Only In Texas: Printable 3D Guns (That Actually Fire)

Cad files for 3D printable guns that actually fire were recently available online and have been downloaded more than 100,000 times since being made available Monday; impressive innovation or impending doom?

25-year old University of Texas law student, Cody Wilson, wants anyone and everyone with access to the Internet to be able to print their own handguns.

He is the creator of non-profit organization, Defense Distributed, which has intentions to distribute schematics for a 3D printable single-use handgun. Online. For Free.

He calls the handgun “The Liberator,” which is ironically the name of a crude single-shot .45 ACP handgun mass produced by General Motors during World War II for use by insurgents in occupied territories, but I digress. (I learned all that on the History Channel! Who says TV’s bad for you?)

According to the fabulous, “Last October, Wilson and his group ran into some trouble when 3D printer company Stratasys reclaimed a printer Defense Distributed rented to print out the first prototypes. Undeterred, Wilson moved forward and last month was able to acquire a Type 7 Federal Firearms License (FFL), making him a federally licensed gun manufacturer.”

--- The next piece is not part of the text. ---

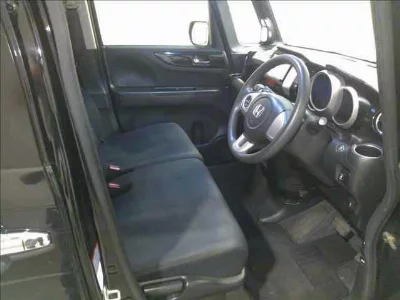 HONDA N BOX CUSTOM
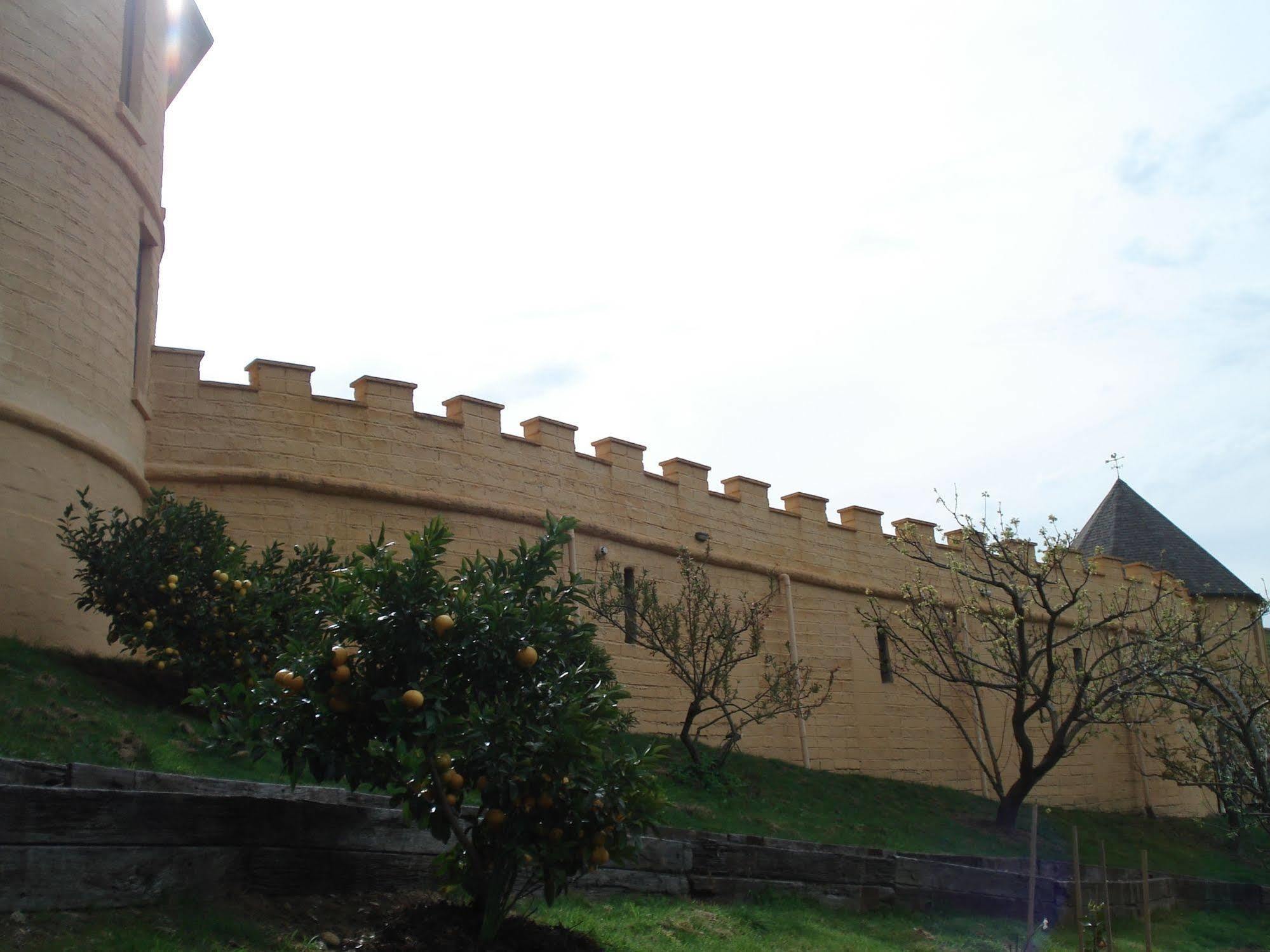 The Mudcastle Villa Nelson Luaran gambar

This Wilson character is dead set on distributing the schematics, and welcomes any and all opposition with a smug smile.

After Stratasys reclaimed the printer, Wilson posted their official letter on the Tumblr page of Defense Distributed that went a little something like this:

“It is the policy of Stratasys not to knowingly allow its printers to be used for illegal purposes. Therefore, please be advised that your lease of the Stratasys uPrint SE is cancelled at this time and Stratasys is making arrangements to pick up the printer.”

The company made good on their promise, too. They dispatched contractors to Wilson’s house in a rental van to pick up the printer the very next day.

While I always try to be unbiased when writing about sensitive subjects, I’ve got to admit I like guns. I think it’s pretty neat that 3D printing technology has come this far. A few months back I shared information that Dutch architect, Janjaap Ruijssenaars, was working on a 3D printable house, and I thought that was impressive, but guns?

The unnerving part, for me and every other logical person, is the unlimited access to anyone worldwide. It defies logic and more importantly, law.

A terrorist, someone who’s mentally unstable, a domestic abuser, or a convicted felon can essentially open a gun factory in their basement.

“As it stands, anyone who prints a Liberator is not subject to background checks or any of the other regulatory hurdles set in place to protect citizens. Cody Wilson admits the frightening nature of this gun, but is dogged in his pursuit to see his dreams of a freely available gun come to fruition.”

In a statement released on Friday by New York Congressman Steve Israel, he addressed what he believes to be the anarchic and unsettling potential of printable handguns like the Liberator.

“Security checkpoints, background checks, and gun regulations will do little good if criminals can print plastic firearms at home and bring those firearms through metal detectors with no one the wiser,” said Israel, according to Forbes.

“In an interview with the BBC, Wilson described himself as a crypto-anarchist and claimed the high demand for guns and the power of the Internet has superseded what the government can and can’t control.”

He went on to say, “I recognize the tool might be used to harm other people – that’s what the tool is – it’s a gun. But I don’t think that’s a reason to not do it – or a reason not to put it out there.”

The hitch for those with ill intent is getting access to a 3d printer, but where there’s a will, there’s surely a way, I suppose.

When discussing this story with my wife, she said simply, “I wonder what his mother thinks.”